Acting opposite Mitchum was enough to convert many actresses to his fan club, and many paid him the ultimate compliment by clamoring to act with him again. He only clashed with a few leading ladies, notably Katharine Hepburn (Undercurrent) and Greer Garson (Desire Me), who didn't take kindly to his constant kidding around. Mitchum reportedly didn't take his affairs very seriously either.
Leading Ladies: Laraine Day, Olivia de Havilland, Ava Gardner, Gloria Grahame, Jane Greer, Susan Hayward, Deborah Kerr, Shirley MacLaine, Marilyn Monroe, Jane Russell, Jean Simmons, Loretta Young.
Mitchum's most-frequent female co-star and one of his biggest supporters. On their first meeting, he quickly put her fears to rest regarding the notorious reputation which preceded him. The two first teamed for Heaven Knows Mr. Allison, and then appeared in The Sundowners and The Grass is Greener. They both said they had such a rapport that he could be in Australia, and she in Switzerland, and their timing would be perfect. Deborah Kerr was also snubbed by Oscar, although she was nominated several times. Her roll on the beach in From Here to Eternity with Burt Lancaster did much to expand the type of roles she was offered. Her pre-Eternity movies she dubbed her "tiara roles," although she was back in nun's habit for Mr. Allison. You might expect her to have been as stiff as, say, Greer Garson, but she and Mitchum got on swimmingly.
Mitchum on Kerr:"The best, my favorite...Life would be kind if I could live it with Deborah around."
In her first major role, Jane Greer as Kathie Moffett in Out of the Past matches Mitchum smolder for smolder, line for line, and double-cross for double-cross. When Jeff Markham (Mitchum) first sees her walking out of the sun into a Mexican bar, he's hooked, and so is the audience. In one of the best noir scenes of all time, and the scene which seals Jeff's fate, Mitchum throws away his chance to turn her over to Whit Sterling (Kirk Douglas). On the beach at night, Jeff looks into Kathie's eyes and says, "Baby, I don't care," and grabs and kisses her. She's lovely, sly, and the way her sultry voice complements Mitchum's growl, the dialogue is delivered up on a platter. Greer admitted that, at twenty-two, she had crushes on both Mitchum and Douglas.
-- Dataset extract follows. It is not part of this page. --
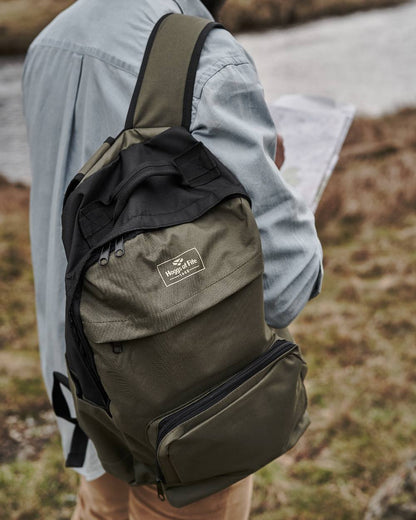 Green Black Coloured Hoggs of Fife Field &amp; Trek Backpack on blurry background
The two were reteamed for The Big Steal. Every other actress in Hollywood had passed on co-starring with Bob after his marijuana bust, but Greer came through. The Big Steal is no Out of the Past, but their rapport is as strong as ever. Unfortunately, Greer retired from acting to raise a family. She did return to the screen to play in Against All Odds, a remake of Out of the Past, as the mother of the character she originated.
Greer on Mitchum: "What I remember most is that Bob was just terrific to me and took care of me. Even the way I looked. One costume I wore was too large...it wasn't right and Bob was the one who noticed it was bulging from the waist. So he stopped everything, borrowed a pin from the wardrobe lady and gathered it in and pinned me up in the back."
Mitchum on Russell: "An authentic original. She tells it like it is."
It's a crying shame that our favorite bad girl of The Big Heat and It's a Wonderful Life never got to share top billing with our favorite bad boy. Her first brief screen pairing with Bob was in Macao, in which she plays the villain's squeeze and casino fixture. She helps Mitchum, only if he takes "that canary," Jane Russell, off the island so Gloria can win her man back from Russell's ample charms. Their second filmic coupling is much more satisfactory, even if it escalates into high camp. In Not as a Stranger, square doc Mitchum has a hankering for rich, booze-swilling Grahame. They exchange smoky glances between cocktails and dance intimately in front of Mitch's meal-ticket wife, Olivia de Havilland. When Mitchum decides to go after Grahame, it's at her stable, amidst the whinnying of every horse on the ranch. He jerks her roughly to him, and .... CUT to Frank Sinatra consoling the lonely de Havilland. Grahame and Mitchum are also both in Crossfire, but sadly, don't have any scenes together. Mitchum first Grahame in 1940, when the two were in a play called "Maid in the Ozarks" at the Grand Playhouse in Los Angeles. Grahame had been married to Nicholas Ray, then married his step-son! She probably had her hands full without getting involved Mitchum.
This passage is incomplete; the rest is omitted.